Instructions for the task:
I would like the lines below, from the one with "香港幣,hkd匯率線圖" through the one with "2025澳门特马今晚开什么,澳门特马今晚", copied exactly and without any pictures.

Supplied data:
▼

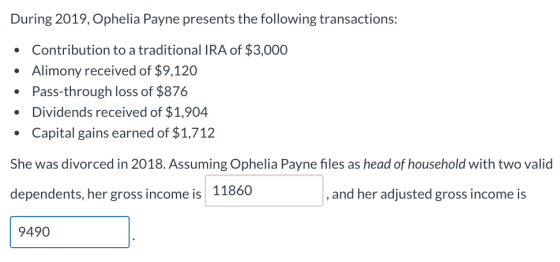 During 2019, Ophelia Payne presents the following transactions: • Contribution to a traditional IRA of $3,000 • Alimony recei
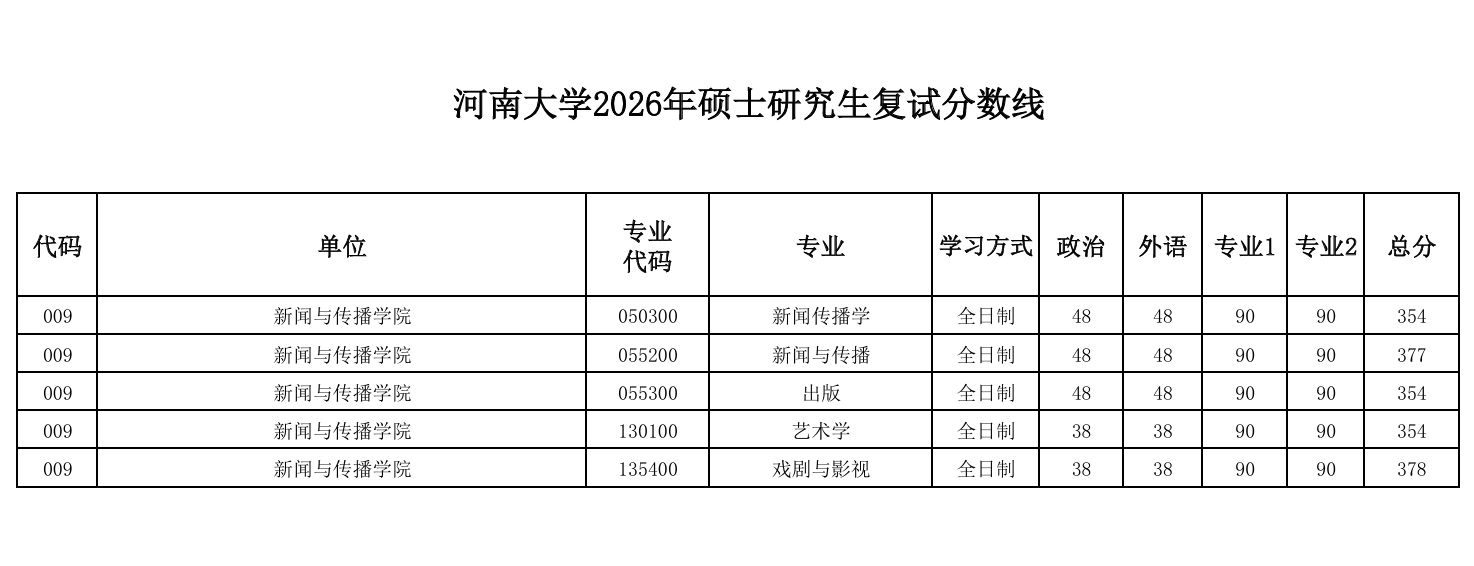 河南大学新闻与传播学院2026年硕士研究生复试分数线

▲
▼

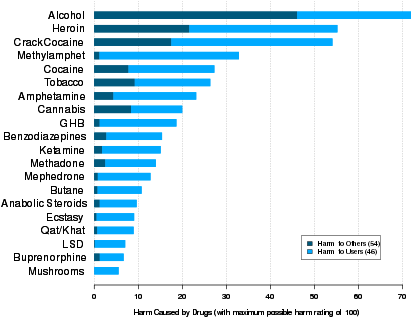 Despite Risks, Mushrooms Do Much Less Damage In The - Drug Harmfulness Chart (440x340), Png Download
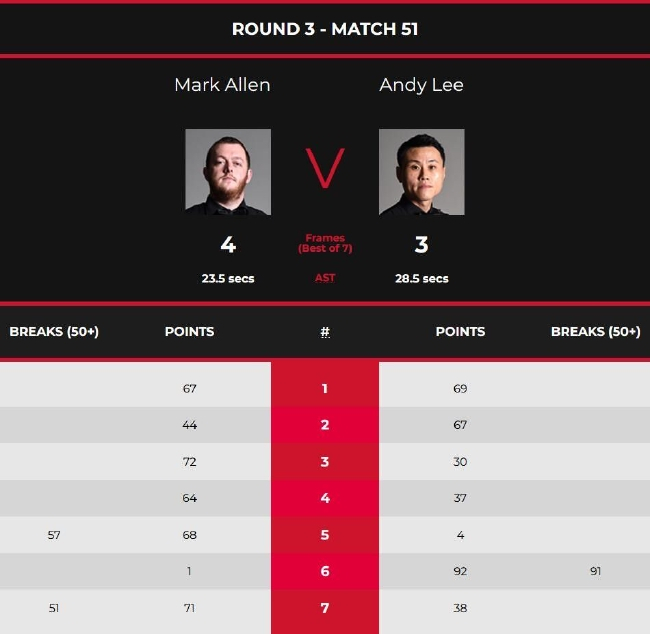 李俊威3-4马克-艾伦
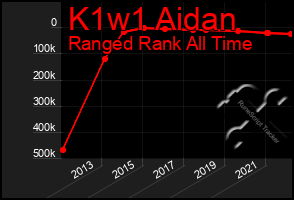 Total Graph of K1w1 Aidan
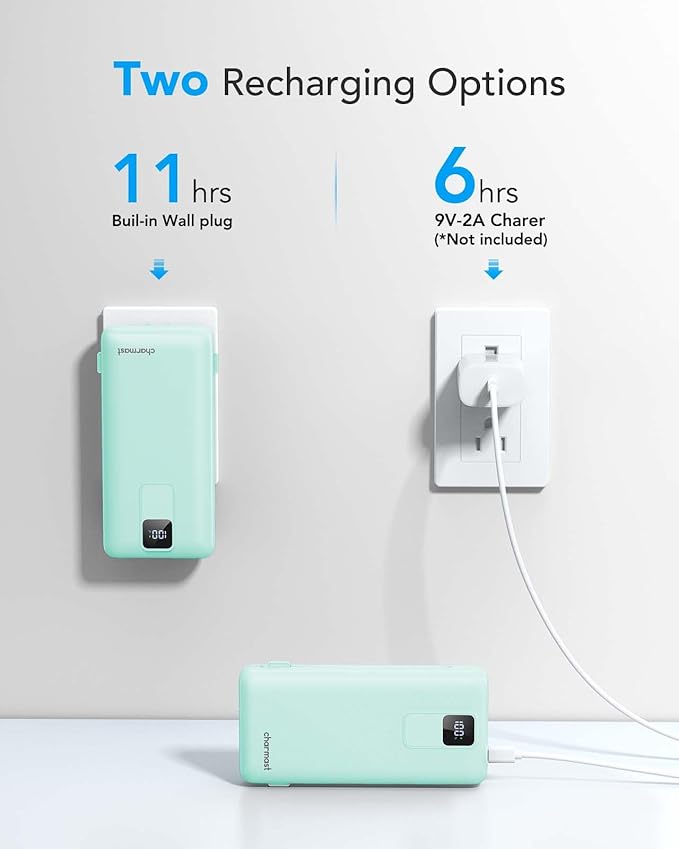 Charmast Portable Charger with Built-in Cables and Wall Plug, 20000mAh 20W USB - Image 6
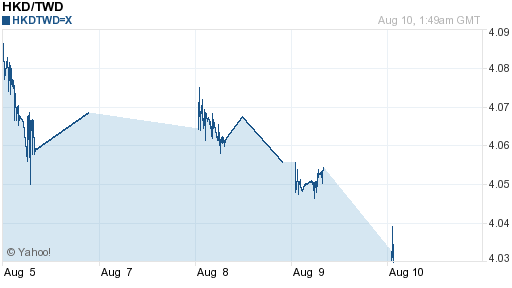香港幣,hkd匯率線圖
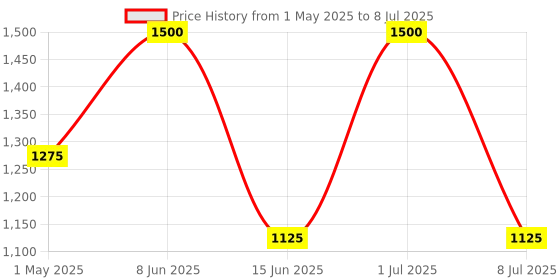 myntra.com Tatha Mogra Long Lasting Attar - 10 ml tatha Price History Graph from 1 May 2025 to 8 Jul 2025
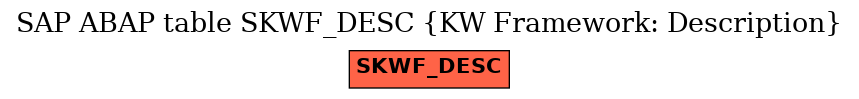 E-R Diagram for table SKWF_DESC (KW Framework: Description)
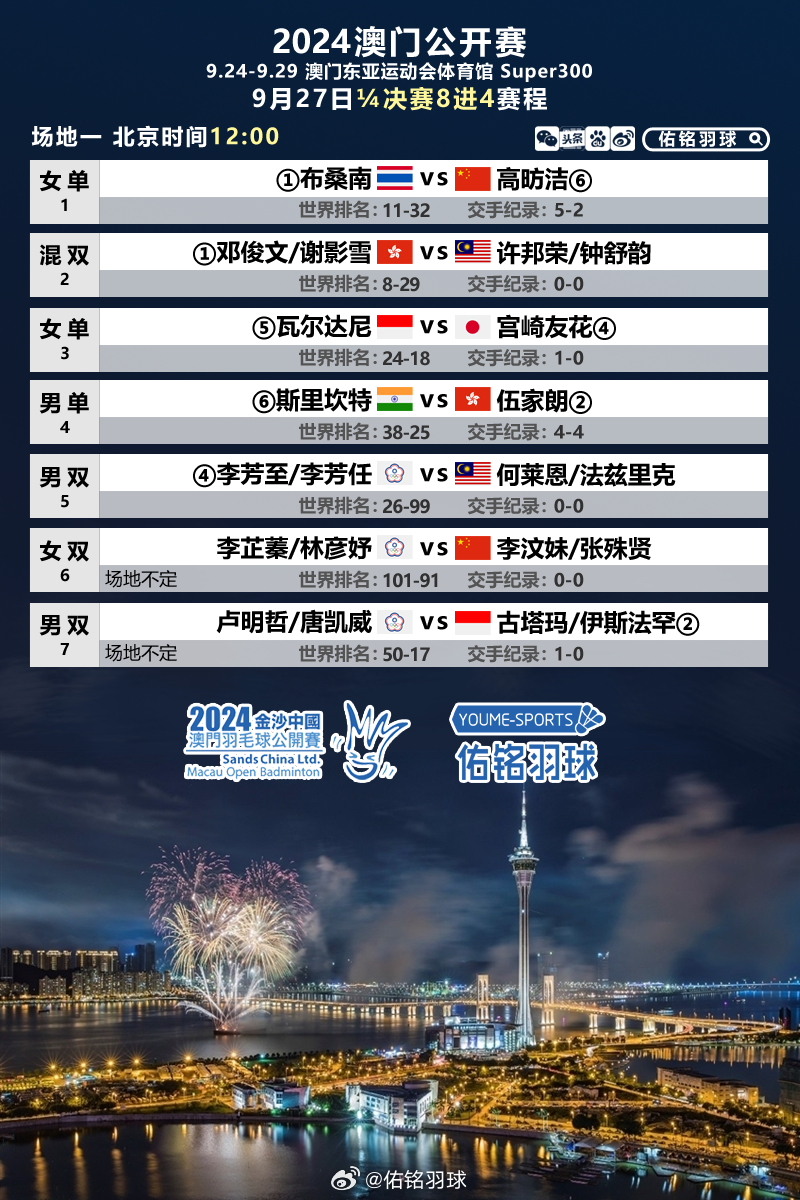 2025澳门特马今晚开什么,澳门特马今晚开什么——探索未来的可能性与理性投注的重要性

▲

Response to this exercise:
香港幣,hkd匯率線圖
 myntra.com Tatha Mogra Long Lasting Attar - 10 ml tatha Price History Graph from 1 May 2025 to 8 Jul 2025
 E-R Diagram for table SKWF_DESC (KW Framework: Description)
 2025澳门特马今晚开什么,澳门特马今晚开什么——探索未来的可能性与理性投注的重要性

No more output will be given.